L’allontanamento venne da sé. Senza testimoni. Nessuna denuncia, solo un commento lasciato cadere come una goccia d’olio rancido sulla pelle: «Meglio non fidarsi di voi ebrei, presuntuosi circoncisi cerebrali.»
A quel che so adesso Yosef è tornato in Israele e vive a Mea Sharim. È diventato chassidico come i suoi avi. Barba incolta, peot, tzitzit, cappello di pelliccia, casa di preghiera, forse una moglie dai capelli rasati, forse qualche figlio. Non usa più i social. Probabilmente possiede solo un cellulare gsm.

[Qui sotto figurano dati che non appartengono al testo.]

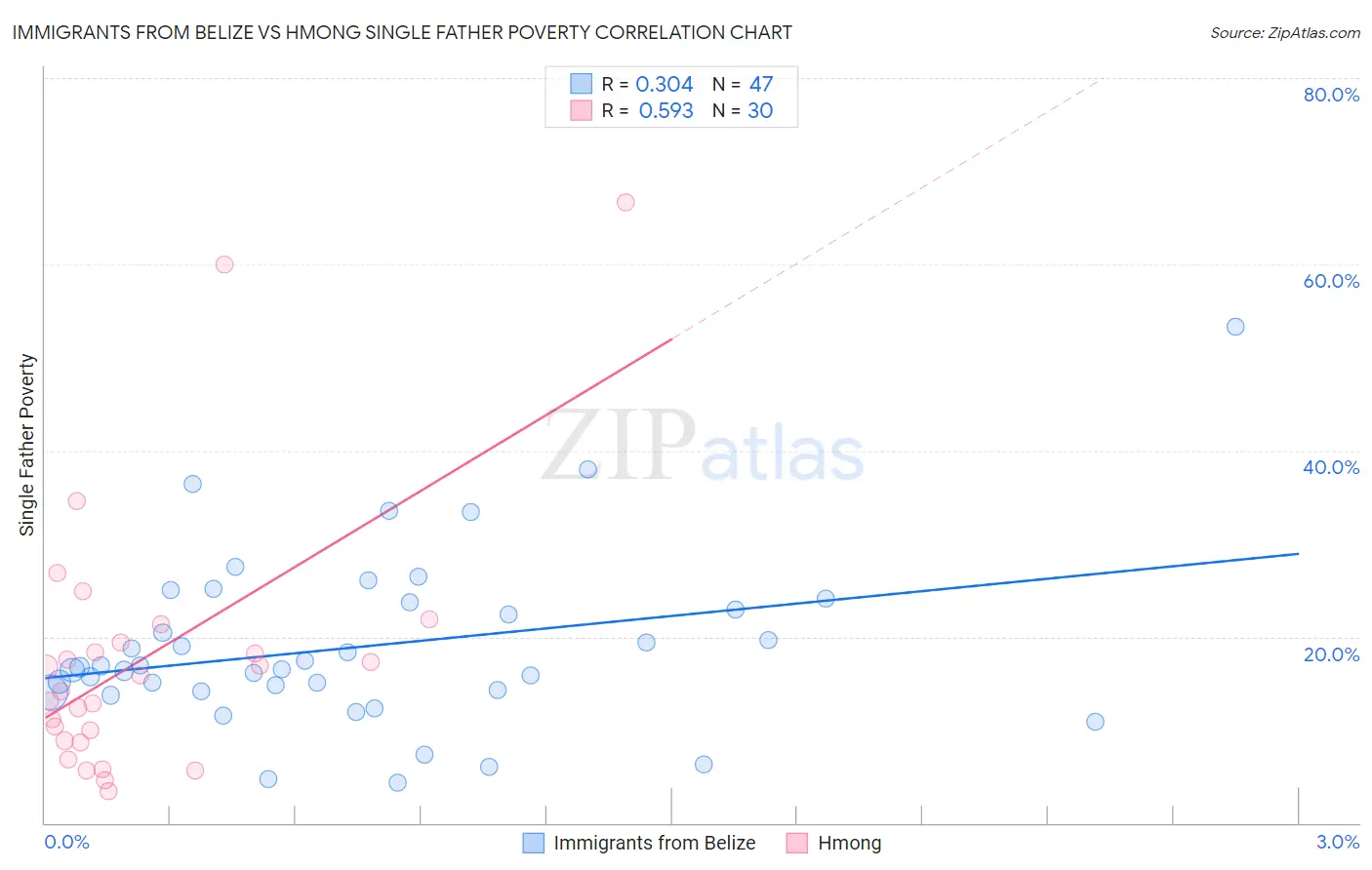 Immigrants from Belize vs Hmong Single Father Poverty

Per l’ultimo compleanno Fabrizio mi ha regalato un attico biometrico a Figline.
Per i momenti di riflessione solitaria, ha detto.
Mi rifugio spesso là, anche quando lui è a Firenze.
Ma non mi sento sola.
Mi tengono compagnia tre specchi high-tech, un frigorifero digitale che mi consiglia superfood, le pareti spoglie e un avatar vocale che mi legge Thomas Mann.
Ogni tanto passo in rassegna con loro le vite non vissute.
E, al solito, mi sfugge la domanda scontata: «Se tornassi indietro, rifarei tutto?»
La risposta è altrettanto scontata: «Sì. Ma meglio».